For Window elements, this can be done by editing the family. For Curtain Panels, this can be done by selecting the glazing element.

Glass panes that have a thickness of ½” to 1” (12.7mm to 25.4mm) will provide the most accuracy and flexibility in range of transparency.

To change the visible transmittance for the glass pane, edit the Material. This will open the Material Browser.

Note that the Analytical Properties of the glass will not affect lighting analysis results. These settings are for energy analysis only.

In the Material Browser, open the Appearance tab. The Appearance tab is the only tab that affects the results for illuminance analyses.

Make sure that the asset assigned to the material is an actual transparent material. If not, replace the asset using the Asset Browser and assign a transparent material, such as Glazing or Glass.

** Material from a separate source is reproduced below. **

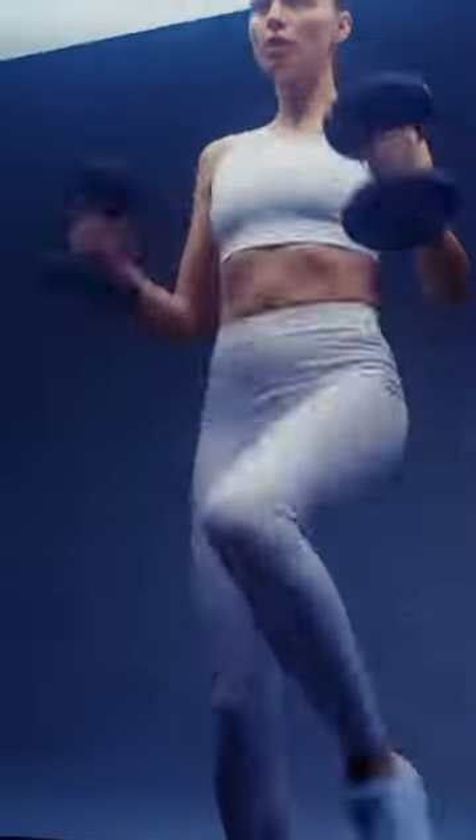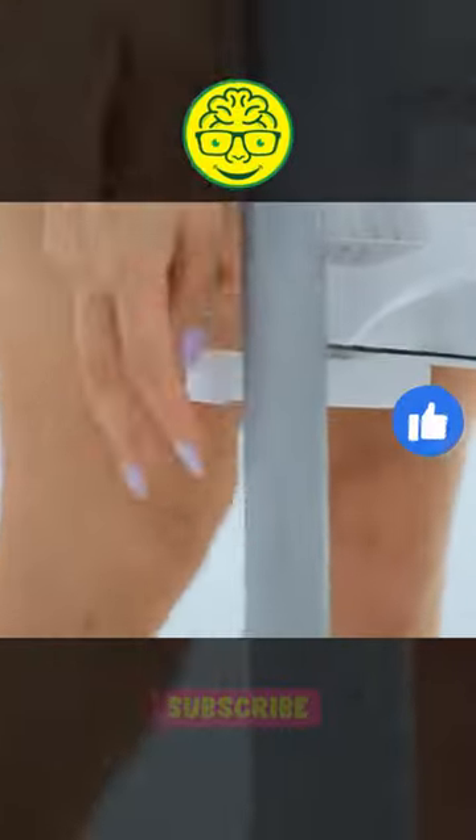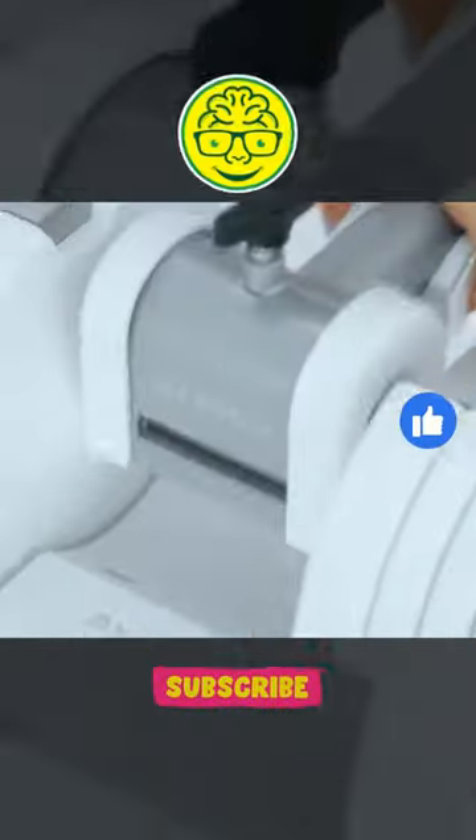Revolutionize your fitness routine with the ultimate in versatility and aesthetics. Don't compromise on quality or style — get the Pure Series set and make your home gym truly exceptional. Ready to take your fitness journey to the next level? Smash that like button, subscribe to Brain Discover, and embrace the power of the Pure Series set. Stay fit, stay fabulous!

Once a transparent asset has been assigned to the material, under the Glazing section, change the Color to Custom. Then, enter the RGB values corresponding to pane thickness and desired Tvis.

The Reflectance setting is not used for illuminance renderings. The A360 Rendering engine uses a predefined reflectance of ~4%.

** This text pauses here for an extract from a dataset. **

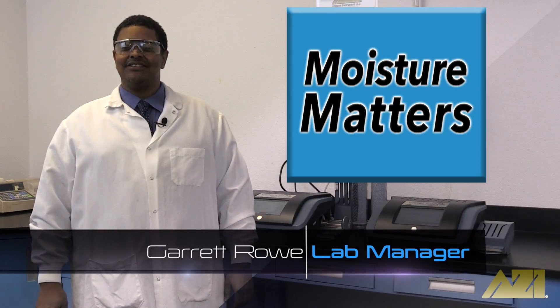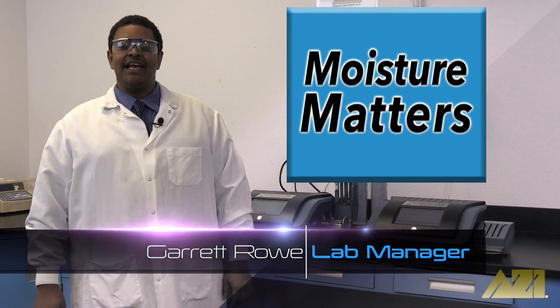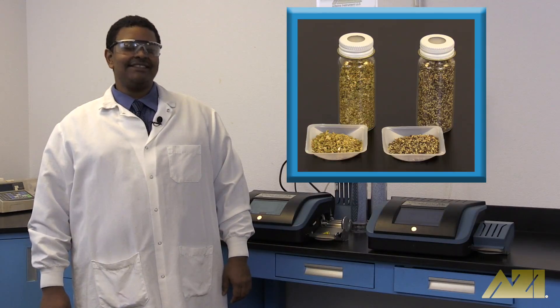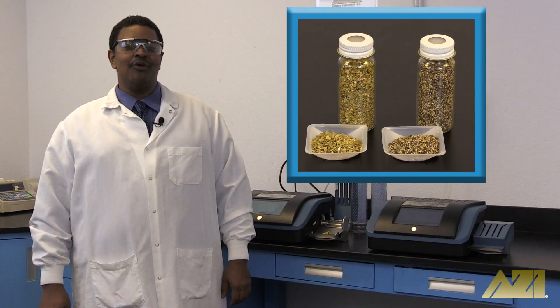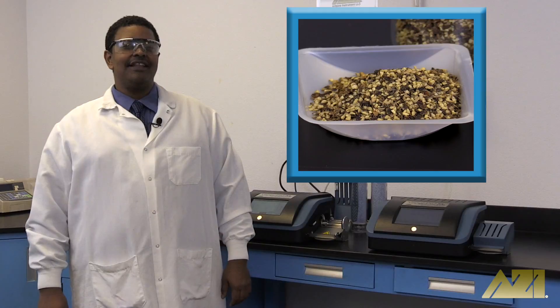Hello and welcome to Moisture Matters, the show where we take your everyday and not so everyday objects and test them to see which has more moisture. Today we're testing spices. Which do you think has more moisture, oregano or ground black pepper? Let's find out.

The Sheets of Glass is also not used for illuminance renderings. The A360 Rendering engine uses the actual modeled Revit geometry. For example, if a Revit window family includes two panes of glass, the illuminance rendering will consider the combined effect of both panels.

Diffuse glazing and the effect of light passing through frosted or fritted glass is not supported by Revit’s material and asset definitions.

To determine what RGB values to use to represent the desired Tvis for your glazing, use the table below, or download this worksheet. Defining the visible transmittance depends not only on the RGB values used, but also the thickness of the glass and how many panes are modeled in Revit.

It is recommended to always use RGB values that are equal to each other. This is for simplicity’s sake and should not affect analytical results since illuminance renderings are measuring the quantity of light, not the quality or color of that light.

To use this chart:

• Determine the modeled thickness of the glazing pane geometry in your Revit model and the number of panes modeled. For multiple panes, the thickness applies to each pane. These values are the rows.
• Determine the overall desired Tvis. This value is the column.

For example, for a double pane window where each pane is 3.0 mm thick, and a desired Tvis of 70%, the RGB values would be 50-50-50, and you would enter R50-G50-B50 into the Material Browser. Note that a “perfectly clear” piece of glass would have a Tvis of about 92%.

The actual Tvis derivation for a single pane of glass is calculated as:

Tvis = 0.9216 * 10^(thickness_in * log_10((color/255)^2))

Where thickness_in = thickness of the pane in inches color = value in the Revit dialog [0-255]

The table above calculates the inverse of this function. The equation is derived from the physics of light transport in glass. It combines the Beer-Lambert law of transmission and the Fresnel equations (which are used to calculate the leading constant:1-R). The renderer implements these physical equations because they automatically account for things like directional variation in reflectivity and transmissivity and greater absorption in thicker panes of glass. Further it ensures that glass is always handled in a physically correct and consistent manner.